North Carolina Company Pays $40,000 Penalty for Delayed Response to Methanol Spill, Numerous Environmental Violations at Leominster Facility

BOSTON - The Massachusetts Department of Environmental Protection (MassDEP) has assessed a $40,000 penalty to South/Win, Ltd. of North Carolina to settle numerous environmental violations found following a 12,000-gallon methanol release that occurred on March 7, 2011.  

The spill occurred at the South/Win facility located on Nashua Street in Leominster. This facility uses large volumes of methanol, delivered by rail car, to produce various types of windshield cleaner and automotive consumer products. On March 7, 2011, company employees discovered an apparent leak from a hose line used to transfer the methanol from railcars to the building. A backflow valve apparently failed, discharging 12,000 gallons of methanol to the rail bed.

For a spill of this magnitude, notification to MassDEP is required within two hours of discovery, and assessment and cleanup should begin immediately. The company not only failed to notify MassDEP until March 10, but also did not hire an environmental contractor to conduct the cleanup until that date.

Following the release, the facility was inspected by MassDEP and numerous Air Pollution Control and Hazardous Waste Management violations were found, including: acting as an unregistered hazardous waste generator; acting as a storage facility for hazardous wastes and off-specification product; failing to engage in adequate employee training; and violations of the company's Air Quality Plan Approval.

Under terms of a consent order, South/Win agreed paid the $40,000 penalty, and worked with MassDEP staff to revise its spill contingency and material management plans, better trained its workforce to address product spills, and corrected all outstanding violations.      
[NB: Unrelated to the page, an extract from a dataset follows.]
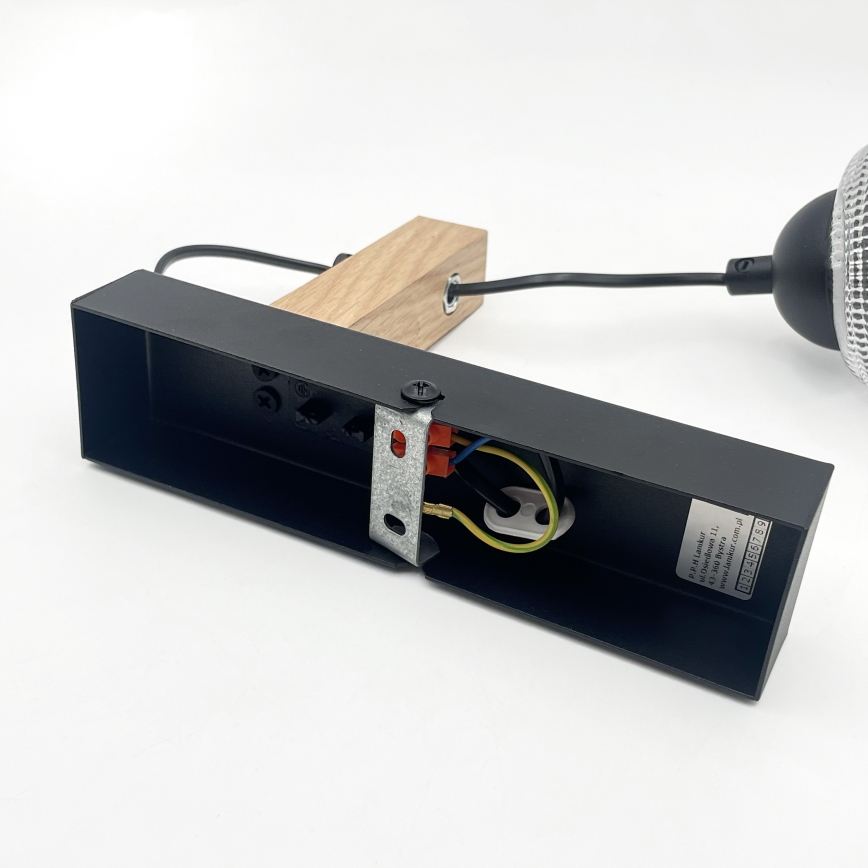 Kinkiet LEANDRA 1xE27/15W/230V dąb/czarny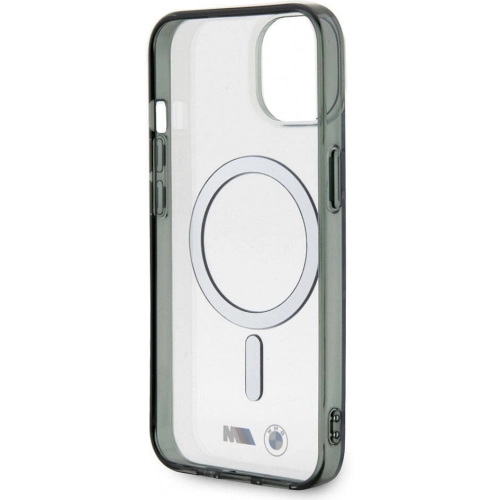 Apple iPhone 15 (6.1) Kılıf BMW Magsafe Şarj Özellikli Transparan Silver Ring Orjinal Lisanslı Kapak - Şeffaf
"Immediate response actions and timely spill notification are critical to avoiding greater environmental damage, and these requirements are the cornerstone of Massachusetts' hazardous waste cleanup regulations," said Lee Dillard Adams, director of MassDEP's Central Regional Office in Worcester.  "One positive outcome of this matter is that South/Win is overhauling its business practices to avoid future potential environmental problems."

MassDEP is responsible for ensuring clean air and water, safe management and recycling of solid and hazardous wastes, timely cleanup of hazardous waste sites and spills, and the preservation of wetlands and coastal resources.